Velocity Reviews

Velocity Reviews (http://www.velocityreviews.com/forums/index.php)
-   Java (http://www.velocityreviews.com/forums/f30-java.html)
-   -   Java heap and big database queries (http://www.velocityreviews.com/forums/t390758-java-heap-and-big-database-queries.html)

Patricia Shanahan 02-10-2007 05:59 PM

Java heap and big database queries
 
I'm using Java to query a MySQL database through com.mysql.jdbc.Driver.

My Java program calculates a relatively small summary of the query
result, and I'm sure my Java structure would fit in the default heap memory.

However, I run out of heap memory while running with -Xmx700m.

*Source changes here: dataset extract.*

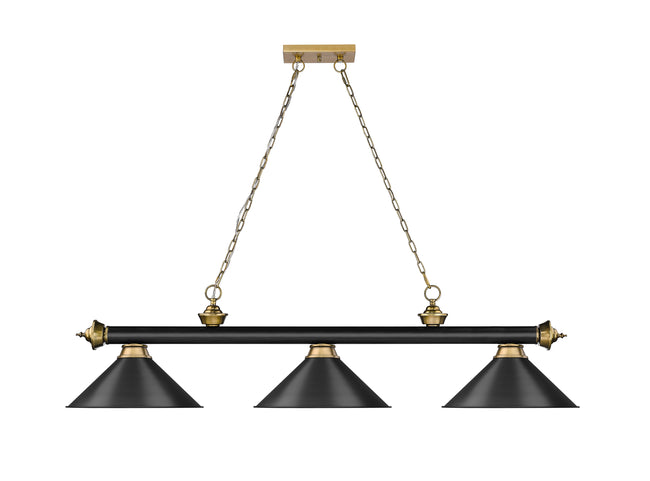 2306-3MB-RB-MB15 - Cordon 3 Light 57" Billiard - Matte Black / Rubbed Brass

The program runs perfectly on a million line subset of the database, but
fails on the full database, over 88 million lines.

My query is:

String getData = "select count(*), "
+ "sum(net_amt), "
+ "exists(select * from stores where stores.store_id =
transactions.store_id) "
+ "from transactions group by txn_id;";

....

Statement st = con.createStatement();
ResultSet result = st.executeQuery(getData);

There are about 10,160,053 distinct values of txn_id.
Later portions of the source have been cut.